Monday, May 28, 2018

What America said last Tuesday (written November 9, 2014)

Note, May 28, 2018: Another post left in draft. It appears incomplete. I'm posting what there is of it for its relevance to the events two years after it was written. The draft of this post was dated November 9, 2014.

I was watching one of the Sunday squabble shows this morning. Candy Crowley had a bunch of newly-elected members of Congress on one side of the set and a bunch of returning members on the other side. Among the old guard was the ever-delusional Michele Bachmann, who kept going on about the "clear message" Americans had sent last  Tuesday.

Americans did send a message last Tuesday, though I don't think she heard it. And that message was "Meh."

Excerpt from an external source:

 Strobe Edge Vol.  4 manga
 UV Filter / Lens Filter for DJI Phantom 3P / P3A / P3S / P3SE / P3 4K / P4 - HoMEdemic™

The midterm elections of 2014 had the lowest voter turnout of any general election since 1942. Yet in polling prior to the elections, Americans expressed overwhelming disapproval for the job Congress is doing. Logic would seem to dictate that such dissatisfaction would lead to action to unseat the people responsible for the dissatisfaction. Instead, Americans chose to stay at home and watch TV.


I'm no social scientist, but like a lot of people I have some theories to explain why people behave like they do. Let's look at the last few elections.

Turnout was high in 2008. Many people who had never cast a vote before, despite being eligible for many years, went out and voted for the very first time. For a lot of people the motivating factor here was the opportunity to vote for the FIRST! BLACK! PRESIDENT! It worked: As you may be aware, Barack Obama became President.

In 2010, just two years later, turnout was low again. Many of the people who were excited about voting in 2008 had other priorities on Election Day in 2010. Besides, for the most part the elections were either for one bland late-middle-aged white guy running against another bland late-middle-aged white guy, or were being held in districts so gerrymandered that the outcome was a foregone conclusion. What was there to get excited about? The Democratic get-out-the-vote machine that had been in action in 2008 was mostly silent.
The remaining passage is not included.